Friday, February 13, 2026

The Day Duct Tape Saved The Moon Mission

 


December 1972. Apollo 17 is on the Moon. It’s the last Apollo mission. The final human footsteps on lunar soil. NASA has spent billions of dollars, launched a Saturn V rocket the size of a skyscraper, and delivered two astronauts to another world.

 

And then someone breaks a fender.

 

While loading equipment onto the Lunar Roving Vehicle, astronaut Gene Cernan accidentally snapped off part of the rear fender. On Earth, that’s an inconvenience. 

 

On the Moon, it’s a problem.

 

Lunar dust is sharp, jagged, and clingy. Without the fender, the rover kicks up massive gray rooster tails that spray dust over everything — the astronauts’ suits, the equipment, the instruments.

 

Dust can clog seals. Overheat systems. Scratch visors. On a mission 238,000 miles from home, dust isn’t your friend.

 

The astronauts tried a quick repair using duct tape. It fails. The adhesive struggles in the harsh lunar environment. So Mission Control does what Mission Control does best.

 

They improvise.

 

Engineers on Earth scramble to design a fix using whatever the astronauts have on hand.

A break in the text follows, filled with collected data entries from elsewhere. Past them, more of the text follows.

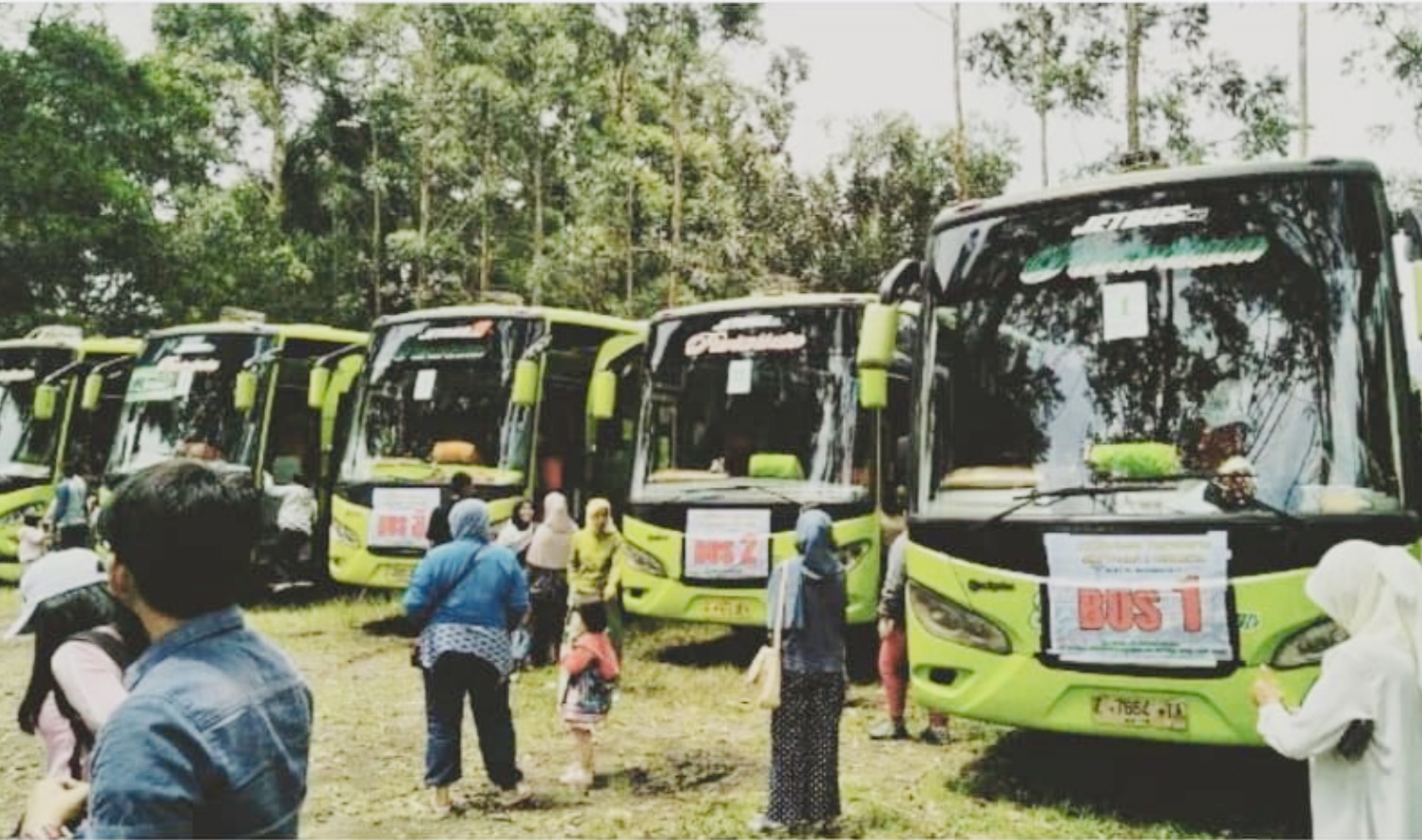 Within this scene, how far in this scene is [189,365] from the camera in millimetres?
14258

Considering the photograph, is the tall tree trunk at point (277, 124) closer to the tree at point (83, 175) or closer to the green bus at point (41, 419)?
the tree at point (83, 175)

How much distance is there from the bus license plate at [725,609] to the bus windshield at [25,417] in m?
10.3

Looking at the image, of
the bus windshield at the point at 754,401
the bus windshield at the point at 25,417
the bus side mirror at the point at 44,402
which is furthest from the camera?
the bus windshield at the point at 25,417

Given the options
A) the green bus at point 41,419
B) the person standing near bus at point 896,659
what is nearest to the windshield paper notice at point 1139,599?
the person standing near bus at point 896,659

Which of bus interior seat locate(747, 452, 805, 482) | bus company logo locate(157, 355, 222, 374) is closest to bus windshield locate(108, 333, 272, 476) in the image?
bus company logo locate(157, 355, 222, 374)

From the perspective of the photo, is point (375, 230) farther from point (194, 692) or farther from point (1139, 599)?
point (194, 692)

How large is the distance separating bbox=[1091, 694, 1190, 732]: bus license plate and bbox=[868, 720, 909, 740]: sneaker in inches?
102

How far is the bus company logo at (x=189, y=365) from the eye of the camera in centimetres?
1416

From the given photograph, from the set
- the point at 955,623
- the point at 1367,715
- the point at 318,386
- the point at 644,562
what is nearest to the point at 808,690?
the point at 955,623

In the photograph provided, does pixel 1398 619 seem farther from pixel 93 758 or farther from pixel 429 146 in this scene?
pixel 429 146

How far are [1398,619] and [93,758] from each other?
3.30 m

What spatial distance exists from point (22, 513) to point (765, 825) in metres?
13.1

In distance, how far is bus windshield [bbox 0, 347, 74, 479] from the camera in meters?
15.8

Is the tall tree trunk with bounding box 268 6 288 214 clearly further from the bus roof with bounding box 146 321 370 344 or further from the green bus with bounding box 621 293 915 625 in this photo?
the green bus with bounding box 621 293 915 625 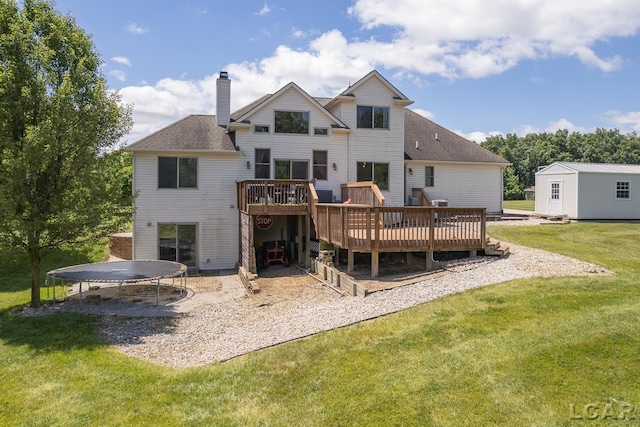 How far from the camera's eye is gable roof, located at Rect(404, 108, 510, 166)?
21.9 m

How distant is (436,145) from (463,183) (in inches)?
96.2

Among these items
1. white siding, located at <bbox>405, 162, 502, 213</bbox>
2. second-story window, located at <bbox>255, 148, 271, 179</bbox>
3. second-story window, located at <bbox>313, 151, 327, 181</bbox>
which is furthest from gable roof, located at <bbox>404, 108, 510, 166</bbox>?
second-story window, located at <bbox>255, 148, 271, 179</bbox>

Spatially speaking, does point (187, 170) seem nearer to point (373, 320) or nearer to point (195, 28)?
point (195, 28)

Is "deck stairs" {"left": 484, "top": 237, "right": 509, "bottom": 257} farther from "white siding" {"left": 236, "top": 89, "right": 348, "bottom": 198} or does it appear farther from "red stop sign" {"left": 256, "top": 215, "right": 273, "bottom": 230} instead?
"red stop sign" {"left": 256, "top": 215, "right": 273, "bottom": 230}

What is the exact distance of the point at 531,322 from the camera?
7855mm

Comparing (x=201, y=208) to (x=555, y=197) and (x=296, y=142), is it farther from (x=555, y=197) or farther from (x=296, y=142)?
(x=555, y=197)

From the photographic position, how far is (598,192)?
71.1 feet

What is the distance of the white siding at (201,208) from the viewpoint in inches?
695

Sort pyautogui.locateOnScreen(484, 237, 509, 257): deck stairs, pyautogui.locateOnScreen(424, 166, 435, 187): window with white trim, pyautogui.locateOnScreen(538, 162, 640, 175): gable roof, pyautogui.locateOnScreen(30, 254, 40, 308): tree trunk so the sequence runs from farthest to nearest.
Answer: pyautogui.locateOnScreen(424, 166, 435, 187): window with white trim
pyautogui.locateOnScreen(538, 162, 640, 175): gable roof
pyautogui.locateOnScreen(484, 237, 509, 257): deck stairs
pyautogui.locateOnScreen(30, 254, 40, 308): tree trunk

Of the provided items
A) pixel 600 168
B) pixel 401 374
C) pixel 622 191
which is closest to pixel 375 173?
pixel 600 168

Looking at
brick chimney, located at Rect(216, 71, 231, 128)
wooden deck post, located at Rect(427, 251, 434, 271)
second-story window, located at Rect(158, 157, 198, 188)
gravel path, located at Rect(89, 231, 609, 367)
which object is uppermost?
brick chimney, located at Rect(216, 71, 231, 128)

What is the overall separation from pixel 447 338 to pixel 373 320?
1723 mm

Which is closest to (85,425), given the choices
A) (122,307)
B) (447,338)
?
(447,338)

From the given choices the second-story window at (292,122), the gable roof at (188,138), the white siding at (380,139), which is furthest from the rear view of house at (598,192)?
the gable roof at (188,138) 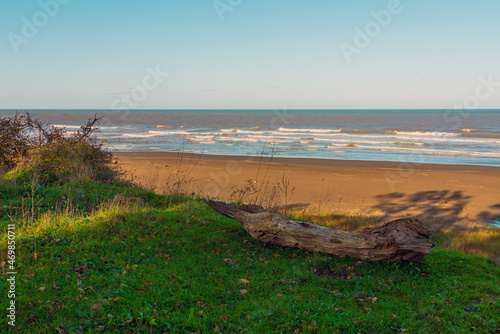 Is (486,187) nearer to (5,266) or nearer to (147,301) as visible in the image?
(147,301)

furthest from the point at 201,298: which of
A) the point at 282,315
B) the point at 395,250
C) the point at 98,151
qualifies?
the point at 98,151

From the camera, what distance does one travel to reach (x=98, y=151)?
13328 mm

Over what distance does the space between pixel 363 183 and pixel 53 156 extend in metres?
14.8

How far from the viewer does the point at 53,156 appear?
1250 cm

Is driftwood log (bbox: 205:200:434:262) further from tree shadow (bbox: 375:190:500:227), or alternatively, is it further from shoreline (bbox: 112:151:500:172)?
shoreline (bbox: 112:151:500:172)

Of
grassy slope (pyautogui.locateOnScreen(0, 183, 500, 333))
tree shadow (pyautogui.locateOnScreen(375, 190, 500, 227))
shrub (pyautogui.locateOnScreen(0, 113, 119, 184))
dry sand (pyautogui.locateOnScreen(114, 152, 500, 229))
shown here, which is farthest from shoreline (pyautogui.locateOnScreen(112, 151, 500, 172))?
grassy slope (pyautogui.locateOnScreen(0, 183, 500, 333))

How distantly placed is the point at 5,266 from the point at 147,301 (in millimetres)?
2851

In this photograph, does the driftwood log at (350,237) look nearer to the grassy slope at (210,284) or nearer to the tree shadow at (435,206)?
the grassy slope at (210,284)

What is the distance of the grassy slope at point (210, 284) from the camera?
4734 mm

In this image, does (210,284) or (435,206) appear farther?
(435,206)

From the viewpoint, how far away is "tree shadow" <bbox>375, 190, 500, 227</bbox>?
12.7 meters

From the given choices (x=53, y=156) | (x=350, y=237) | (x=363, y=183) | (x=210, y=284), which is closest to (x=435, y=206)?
(x=363, y=183)

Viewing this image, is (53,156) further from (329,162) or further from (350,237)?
(329,162)

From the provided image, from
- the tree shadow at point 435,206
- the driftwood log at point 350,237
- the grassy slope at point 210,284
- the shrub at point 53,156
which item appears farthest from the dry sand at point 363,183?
the grassy slope at point 210,284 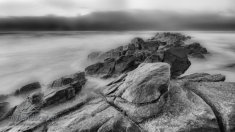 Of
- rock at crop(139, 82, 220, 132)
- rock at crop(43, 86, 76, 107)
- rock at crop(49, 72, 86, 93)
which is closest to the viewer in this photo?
rock at crop(139, 82, 220, 132)

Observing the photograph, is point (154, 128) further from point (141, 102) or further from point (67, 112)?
point (67, 112)

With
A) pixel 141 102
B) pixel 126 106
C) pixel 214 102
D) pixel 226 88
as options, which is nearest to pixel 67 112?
pixel 126 106

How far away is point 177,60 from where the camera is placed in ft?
39.4

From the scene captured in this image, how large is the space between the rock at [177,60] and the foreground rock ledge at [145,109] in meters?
2.87

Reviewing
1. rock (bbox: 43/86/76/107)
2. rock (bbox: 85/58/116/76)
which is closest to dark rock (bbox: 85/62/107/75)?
rock (bbox: 85/58/116/76)

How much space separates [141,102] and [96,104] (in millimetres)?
1868

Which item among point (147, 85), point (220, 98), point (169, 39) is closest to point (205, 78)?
point (220, 98)

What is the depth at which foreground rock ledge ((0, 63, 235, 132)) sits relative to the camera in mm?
6133

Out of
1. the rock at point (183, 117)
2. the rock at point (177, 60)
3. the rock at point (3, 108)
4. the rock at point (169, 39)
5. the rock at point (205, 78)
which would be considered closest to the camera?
the rock at point (183, 117)

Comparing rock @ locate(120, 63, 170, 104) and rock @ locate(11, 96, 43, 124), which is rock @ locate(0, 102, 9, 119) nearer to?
rock @ locate(11, 96, 43, 124)

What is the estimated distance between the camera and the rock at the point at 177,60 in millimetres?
11484

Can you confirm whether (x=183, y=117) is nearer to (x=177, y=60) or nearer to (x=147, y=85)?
(x=147, y=85)

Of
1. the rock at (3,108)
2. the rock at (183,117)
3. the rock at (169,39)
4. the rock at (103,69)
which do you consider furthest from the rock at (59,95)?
the rock at (169,39)

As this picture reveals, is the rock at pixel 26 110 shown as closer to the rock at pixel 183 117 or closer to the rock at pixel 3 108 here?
the rock at pixel 3 108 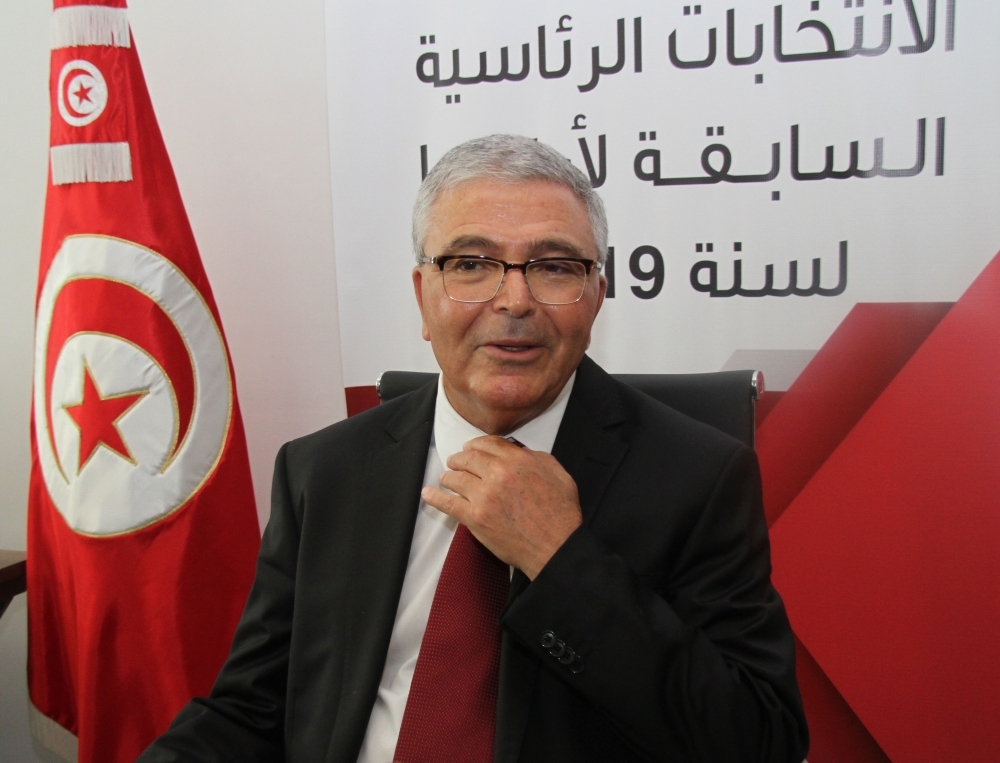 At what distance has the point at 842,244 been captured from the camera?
7.15 ft

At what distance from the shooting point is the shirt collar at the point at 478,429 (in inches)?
56.7

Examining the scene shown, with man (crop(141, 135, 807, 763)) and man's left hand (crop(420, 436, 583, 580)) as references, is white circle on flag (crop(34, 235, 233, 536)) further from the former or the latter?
man's left hand (crop(420, 436, 583, 580))

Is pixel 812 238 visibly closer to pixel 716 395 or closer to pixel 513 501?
pixel 716 395

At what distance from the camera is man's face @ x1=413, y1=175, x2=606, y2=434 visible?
137cm

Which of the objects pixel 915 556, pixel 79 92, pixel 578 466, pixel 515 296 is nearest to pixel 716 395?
pixel 578 466

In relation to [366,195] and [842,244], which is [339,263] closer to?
[366,195]

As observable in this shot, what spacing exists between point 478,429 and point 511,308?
9.7 inches

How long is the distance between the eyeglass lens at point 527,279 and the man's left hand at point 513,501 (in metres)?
0.26

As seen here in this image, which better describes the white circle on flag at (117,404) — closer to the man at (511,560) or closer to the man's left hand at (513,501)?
the man at (511,560)

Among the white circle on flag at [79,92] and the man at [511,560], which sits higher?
the white circle on flag at [79,92]

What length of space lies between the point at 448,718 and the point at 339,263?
162cm

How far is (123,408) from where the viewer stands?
6.78 ft

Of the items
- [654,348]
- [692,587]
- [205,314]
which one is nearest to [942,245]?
[654,348]

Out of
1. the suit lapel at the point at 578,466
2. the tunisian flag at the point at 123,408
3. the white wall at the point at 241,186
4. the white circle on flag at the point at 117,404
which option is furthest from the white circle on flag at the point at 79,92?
the suit lapel at the point at 578,466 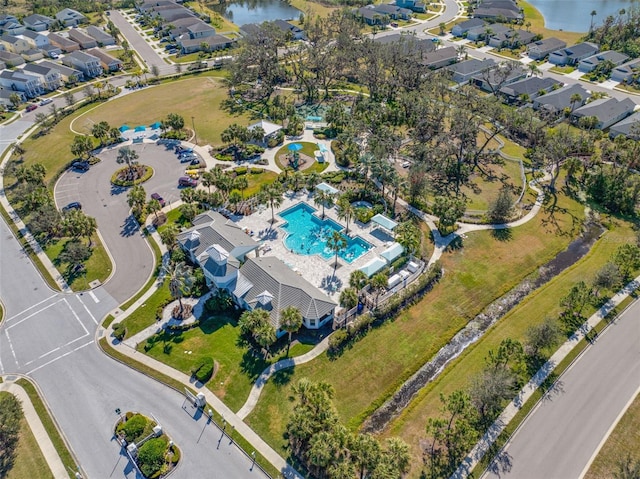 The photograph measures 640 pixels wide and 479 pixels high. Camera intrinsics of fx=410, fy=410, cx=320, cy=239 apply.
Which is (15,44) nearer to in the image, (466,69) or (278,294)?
(278,294)

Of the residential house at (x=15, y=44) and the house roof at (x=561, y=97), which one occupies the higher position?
the residential house at (x=15, y=44)

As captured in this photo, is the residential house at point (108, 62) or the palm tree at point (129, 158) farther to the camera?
the residential house at point (108, 62)

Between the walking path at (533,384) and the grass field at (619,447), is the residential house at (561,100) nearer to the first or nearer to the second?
the walking path at (533,384)

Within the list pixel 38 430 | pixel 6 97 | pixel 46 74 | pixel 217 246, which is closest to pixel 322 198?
pixel 217 246

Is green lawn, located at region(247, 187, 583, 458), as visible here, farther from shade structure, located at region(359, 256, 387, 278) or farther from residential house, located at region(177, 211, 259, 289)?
residential house, located at region(177, 211, 259, 289)

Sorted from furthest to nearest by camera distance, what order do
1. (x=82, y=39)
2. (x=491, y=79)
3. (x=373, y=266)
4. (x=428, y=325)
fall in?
(x=82, y=39), (x=491, y=79), (x=373, y=266), (x=428, y=325)

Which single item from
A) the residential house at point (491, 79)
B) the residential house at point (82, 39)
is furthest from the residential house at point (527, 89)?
the residential house at point (82, 39)
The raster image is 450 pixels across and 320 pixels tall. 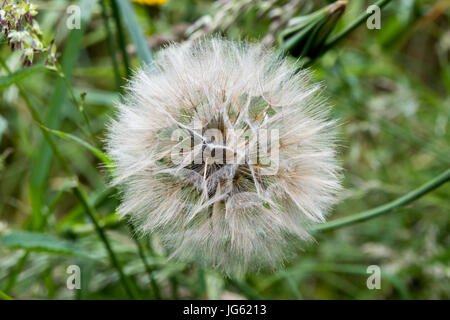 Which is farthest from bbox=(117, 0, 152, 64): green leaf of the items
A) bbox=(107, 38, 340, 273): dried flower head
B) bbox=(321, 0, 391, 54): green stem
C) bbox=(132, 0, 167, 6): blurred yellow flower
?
bbox=(132, 0, 167, 6): blurred yellow flower

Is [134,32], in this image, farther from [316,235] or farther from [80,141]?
[316,235]

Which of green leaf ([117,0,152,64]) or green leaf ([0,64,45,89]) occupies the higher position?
green leaf ([117,0,152,64])

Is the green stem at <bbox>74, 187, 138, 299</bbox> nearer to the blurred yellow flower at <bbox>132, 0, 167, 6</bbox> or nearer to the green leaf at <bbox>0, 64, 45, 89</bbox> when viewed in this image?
the green leaf at <bbox>0, 64, 45, 89</bbox>

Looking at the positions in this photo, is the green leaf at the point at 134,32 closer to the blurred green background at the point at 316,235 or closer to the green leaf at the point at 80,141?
the blurred green background at the point at 316,235

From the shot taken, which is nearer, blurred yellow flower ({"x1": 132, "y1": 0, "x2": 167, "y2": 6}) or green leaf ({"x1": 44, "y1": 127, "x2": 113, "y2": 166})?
green leaf ({"x1": 44, "y1": 127, "x2": 113, "y2": 166})

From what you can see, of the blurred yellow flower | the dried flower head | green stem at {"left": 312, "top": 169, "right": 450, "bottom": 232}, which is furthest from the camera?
the blurred yellow flower

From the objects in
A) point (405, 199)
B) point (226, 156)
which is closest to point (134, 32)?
point (226, 156) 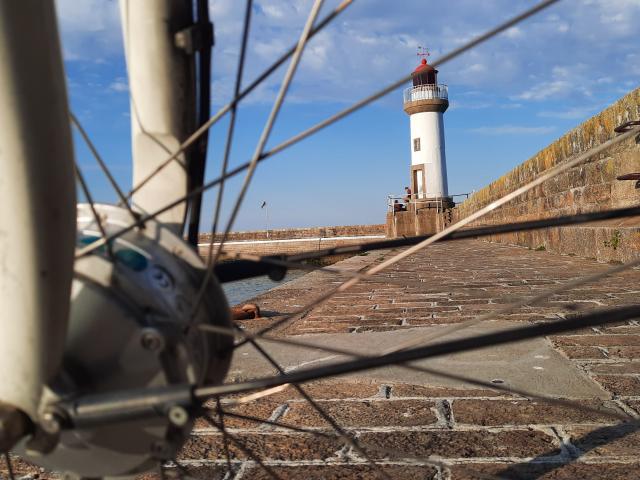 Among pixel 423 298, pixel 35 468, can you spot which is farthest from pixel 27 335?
pixel 423 298

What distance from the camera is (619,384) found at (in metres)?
2.33

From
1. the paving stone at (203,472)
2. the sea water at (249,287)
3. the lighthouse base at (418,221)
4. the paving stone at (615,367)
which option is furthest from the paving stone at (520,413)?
the lighthouse base at (418,221)

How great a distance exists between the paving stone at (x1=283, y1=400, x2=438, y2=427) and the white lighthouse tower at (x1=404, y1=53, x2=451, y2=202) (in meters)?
30.4

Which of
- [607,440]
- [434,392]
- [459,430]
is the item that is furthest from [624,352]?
[459,430]

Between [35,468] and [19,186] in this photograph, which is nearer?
[19,186]

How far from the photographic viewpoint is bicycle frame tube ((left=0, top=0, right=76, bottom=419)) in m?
0.79

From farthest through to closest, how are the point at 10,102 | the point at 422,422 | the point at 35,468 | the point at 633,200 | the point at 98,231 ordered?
1. the point at 633,200
2. the point at 422,422
3. the point at 35,468
4. the point at 98,231
5. the point at 10,102

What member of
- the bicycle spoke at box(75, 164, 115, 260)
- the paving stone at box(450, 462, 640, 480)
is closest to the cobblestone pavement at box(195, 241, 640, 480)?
the paving stone at box(450, 462, 640, 480)

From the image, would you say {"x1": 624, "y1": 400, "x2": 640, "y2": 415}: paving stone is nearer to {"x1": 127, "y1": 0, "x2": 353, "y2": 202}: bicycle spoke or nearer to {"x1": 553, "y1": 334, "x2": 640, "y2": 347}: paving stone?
{"x1": 553, "y1": 334, "x2": 640, "y2": 347}: paving stone

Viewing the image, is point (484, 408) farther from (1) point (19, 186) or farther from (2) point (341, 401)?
(1) point (19, 186)

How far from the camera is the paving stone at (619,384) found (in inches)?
88.1

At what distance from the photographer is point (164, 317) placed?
39.2 inches

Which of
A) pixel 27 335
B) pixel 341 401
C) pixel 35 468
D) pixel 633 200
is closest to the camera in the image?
pixel 27 335

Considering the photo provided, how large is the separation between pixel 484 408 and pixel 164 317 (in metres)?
1.48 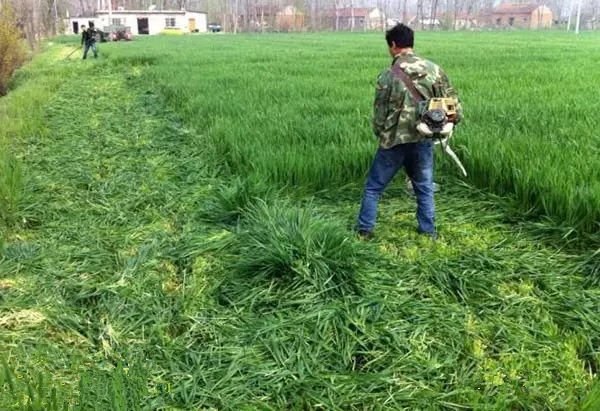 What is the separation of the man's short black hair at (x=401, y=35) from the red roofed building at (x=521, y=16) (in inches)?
3527

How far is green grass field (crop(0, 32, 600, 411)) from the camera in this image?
2.35m

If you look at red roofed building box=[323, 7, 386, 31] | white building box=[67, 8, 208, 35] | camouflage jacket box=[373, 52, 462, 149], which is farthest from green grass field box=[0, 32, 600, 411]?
red roofed building box=[323, 7, 386, 31]

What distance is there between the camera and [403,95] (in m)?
3.48

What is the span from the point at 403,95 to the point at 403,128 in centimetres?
21

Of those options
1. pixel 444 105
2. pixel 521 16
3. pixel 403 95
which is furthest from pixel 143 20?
pixel 444 105

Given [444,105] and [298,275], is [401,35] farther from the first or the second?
[298,275]

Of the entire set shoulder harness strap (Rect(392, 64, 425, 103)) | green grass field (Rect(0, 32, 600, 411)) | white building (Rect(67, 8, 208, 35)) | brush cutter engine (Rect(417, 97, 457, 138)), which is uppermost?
white building (Rect(67, 8, 208, 35))

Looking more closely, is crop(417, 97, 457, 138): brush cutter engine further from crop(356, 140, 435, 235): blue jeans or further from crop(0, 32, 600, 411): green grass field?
crop(0, 32, 600, 411): green grass field

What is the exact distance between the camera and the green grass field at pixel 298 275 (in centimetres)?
235

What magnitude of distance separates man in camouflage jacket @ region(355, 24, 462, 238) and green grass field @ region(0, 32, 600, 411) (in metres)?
0.26

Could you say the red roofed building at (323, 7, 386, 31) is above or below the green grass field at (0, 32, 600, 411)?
above

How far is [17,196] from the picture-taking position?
4500 millimetres

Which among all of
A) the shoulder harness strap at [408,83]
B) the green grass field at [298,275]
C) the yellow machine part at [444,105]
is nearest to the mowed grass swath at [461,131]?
the green grass field at [298,275]

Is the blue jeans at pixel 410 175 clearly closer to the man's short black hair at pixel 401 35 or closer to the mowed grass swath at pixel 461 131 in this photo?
the man's short black hair at pixel 401 35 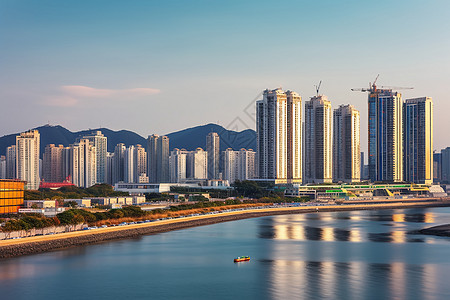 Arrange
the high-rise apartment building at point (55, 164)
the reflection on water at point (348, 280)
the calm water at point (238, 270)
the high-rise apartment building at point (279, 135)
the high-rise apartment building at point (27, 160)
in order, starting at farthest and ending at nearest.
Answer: the high-rise apartment building at point (55, 164)
the high-rise apartment building at point (27, 160)
the high-rise apartment building at point (279, 135)
the calm water at point (238, 270)
the reflection on water at point (348, 280)

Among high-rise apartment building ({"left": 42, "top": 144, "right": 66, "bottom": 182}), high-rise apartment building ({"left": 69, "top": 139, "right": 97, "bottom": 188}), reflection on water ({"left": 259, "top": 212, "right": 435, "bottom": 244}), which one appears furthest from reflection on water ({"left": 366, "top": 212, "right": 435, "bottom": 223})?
high-rise apartment building ({"left": 42, "top": 144, "right": 66, "bottom": 182})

The solution: laminated lunar maps, clamps, and — yes — more duct tape.

 

The astronauts constructed a makeshift fender extension out of paperwork and tape. It looks like something built in a high school shop class, but it works.

 

The rover rolls on. The mission continues. Samples are collected. History is made.

 

And one of the final chapters of the Apollo era includes a fact that feels deeply human: The last men to walk on the Moon fixed their car with duct tape and a map.

 

Cosmic exploration, meet hardware-store ingenuity.